All of lore.kernel.org
 help / color / mirror / Atom feed
* [PATCH net] net: sched: put back q.qlen into a single location
@ 2019-02-28 20:55 Eric Dumazet
  2019-03-02  7:07 ` David Miller
                   ` (3 more replies)
  0 siblings, 4 replies; 5+ messages in thread
From: Eric Dumazet @ 2019-02-28 20:55 UTC (permalink / raw)
  To: David S . Miller
  Cc: netdev, Eric Dumazet, Eric Dumazet, John Fastabend,
	Jamal Hadi Salim, Cong Wang, Jiri Pirko

In the series fc8b81a5981f ("Merge branch 'lockless-qdisc-series'")
John made the assumption that the data path had no need to read
the qdisc qlen (number of packets in the qdisc).
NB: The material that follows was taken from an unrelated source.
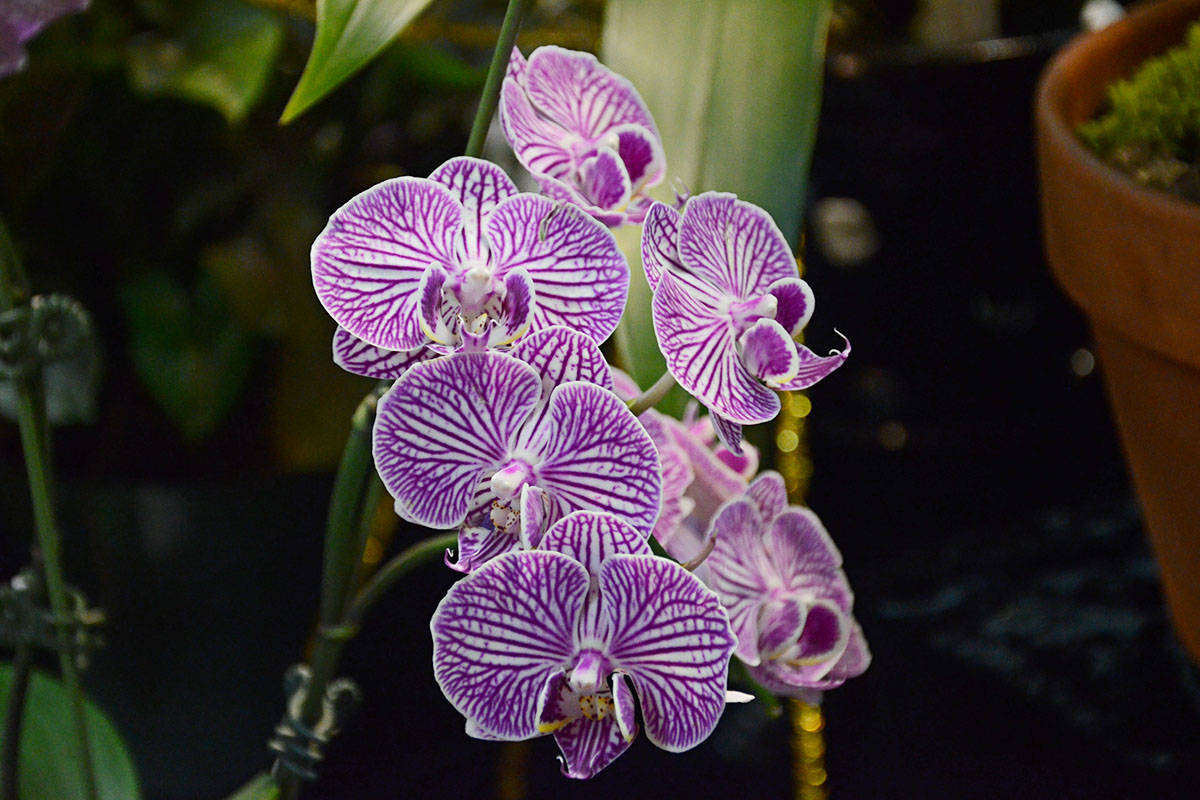 8944498_web1_Orchid4c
It is true when pfifo_fast is used as the root qdisc, or as direct MQ/MQPRIO
children.

But pfifo_fast can be used as leaf in class full qdiscs, and existing
logic needs to access the child qlen in an efficient way.

HTB breaks badly, since it uses cl->leaf.q->q.qlen in :
  htb_activate() -> WARN_ON()
  htb_dequeue_tree() to decide if a class can be htb_deactivated
  when it has no more packets.

HFSC, DRR, CBQ, QFQ have similar issues, and some calls to
qdisc_tree_reduce_backlog() also read q.qlen directly.
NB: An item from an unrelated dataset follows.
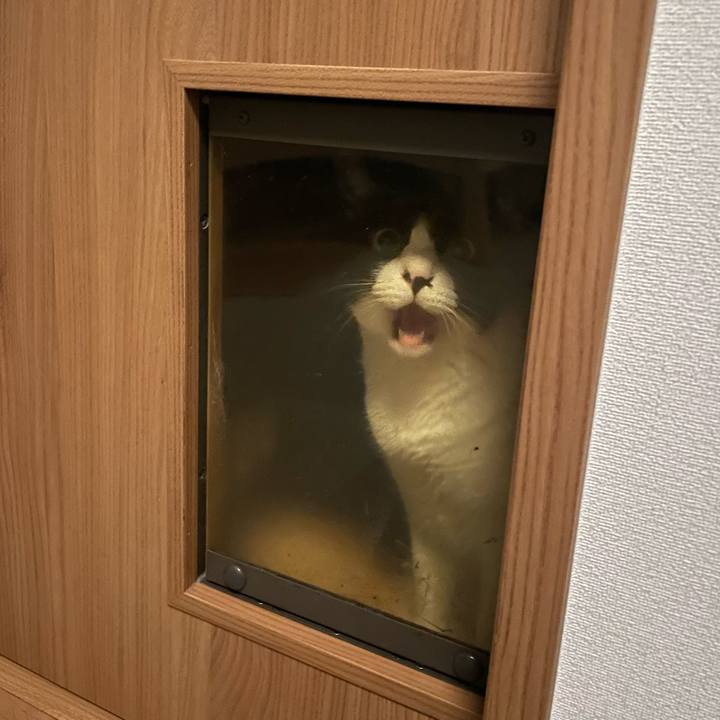 475f578d 912a 458c 9711 aced06a9fb0f 1724752757902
Using qdisc_qlen_sum() (which iterates over all possible cpus)
in the data path is a non starter.

It seems we have to put back qlen in a central location,
at least for stable kernels.

For all qdisc but pfifo_fast, qlen is guarded by the qdisc lock,
so the existing q.qlen{++|--} are correct.

For 'lockless' qdisc (pfifo_fast so far), we need to use atomic_{inc|dec}()
because the spinlock might be not held (for example from
pfifo_fast_enqueue() and pfifo_fast_dequeue())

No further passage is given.